In summary, using the improved light GAN network can quickly reconstruct the low-resolution view images at high resolution and improve the 3D image display quality, so as to better represent the details and texture information. By removing the BN layer, better extraction of high-frequency information from images can be achieved, as the BN layer may introduce unnecessary smoothing to high-frequency details in the images.
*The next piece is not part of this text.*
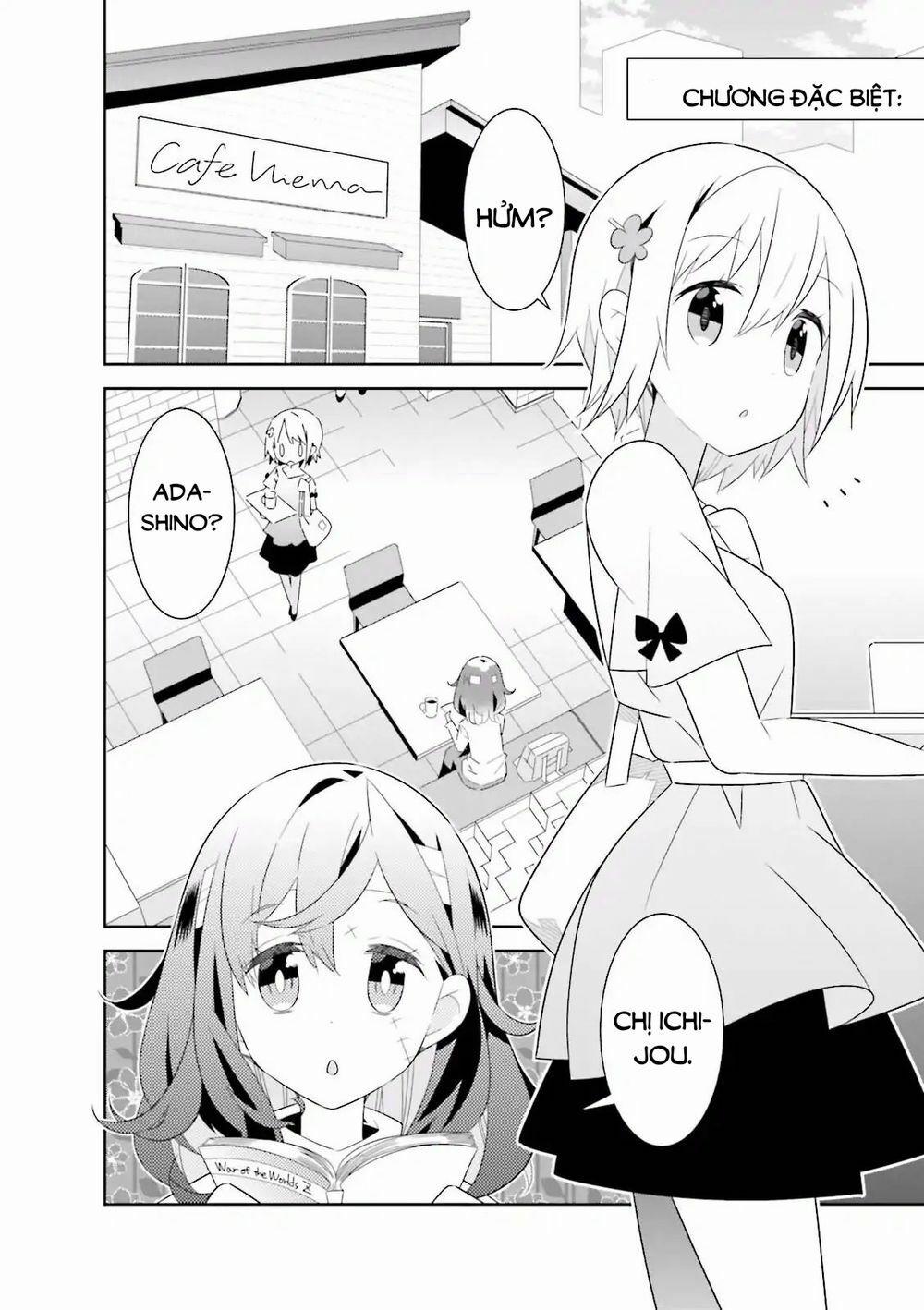 Adashino-San Wa Sude Ni Shinderu 12 trang 9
Removing the BN layer allows the network to preserve image details and texture features more effectively. Furthermore, reducing the number of basic blocks brings two benefits. Firstly, it reduces the number of parameters and computational load, thereby accelerating network training and high-resolution image generation. Secondly, reducing the number of basic blocks prevents the network from becoming overly complex and helps avoid overfitting issues, resulting in generated images with better generalization ability. Increasing intra-block operations enhances connectivity between layers, allowing the network to better propagate and utilize information. This improves the network’s ability to capture image details, leading to the generation of more realistic and clear high-resolution images.
The VOC2012 dataset was used for training, which includes a large number of scene images covering various types of images such as people, landscapes, etc. The dataset was augmented using techniques such as rotation and scaling to increase its diversity, which improves the model’s ability to generalize to different scenes and enhances its performance. Although the training time is long, once the model is trained, the subsequent super-resolution can be applied directly without the need for further training. It only takes about 1 s to super-resolve a new input image using the trained model, as shown in
Table 2. Therefore, it is feasible to use super-resolution for computational integral imaging reconstruction. Reference [
44] also indicates that using super-resolution methods can improve the reconstruction speed of integral imaging. To verify the feasibility of the proposed method, three models with different complexities were evaluated, and image quality evaluation metrics such as PSNR and SSIM were used for comparison. The results showed that the proposed method exhibited higher PSNR and SSIM values while reducing training time. This means that the proposed method can better preserve image details, improve image fidelity, and significantly enhance image reconstruction quality. Through extensive testing on a large amount of data, we confirmed that the performance difference of the proposed method is significant and not just due to random errors. Therefore, we can conclude that the proposed improvement method has statistical significance and is effectively reflected in the image quality evaluation metrics.
It should be noted that the proposed method performs well in SR for images with relatively high resolutions. However, if the resolution of the view images is too small, the method may suffer from distortion issues. In particular, when dealing with images of size 25 × 25 pixels, the performance is not ideal. While the current performance may not be ideal for such low-resolution images, ongoing research and advancements in SR algorithms hold promise for further enhancing the method’s effectiveness in handling smaller image sizes. Thus, future work could focus on refining the proposed method to improve its performance even for images with extremely low resolutions.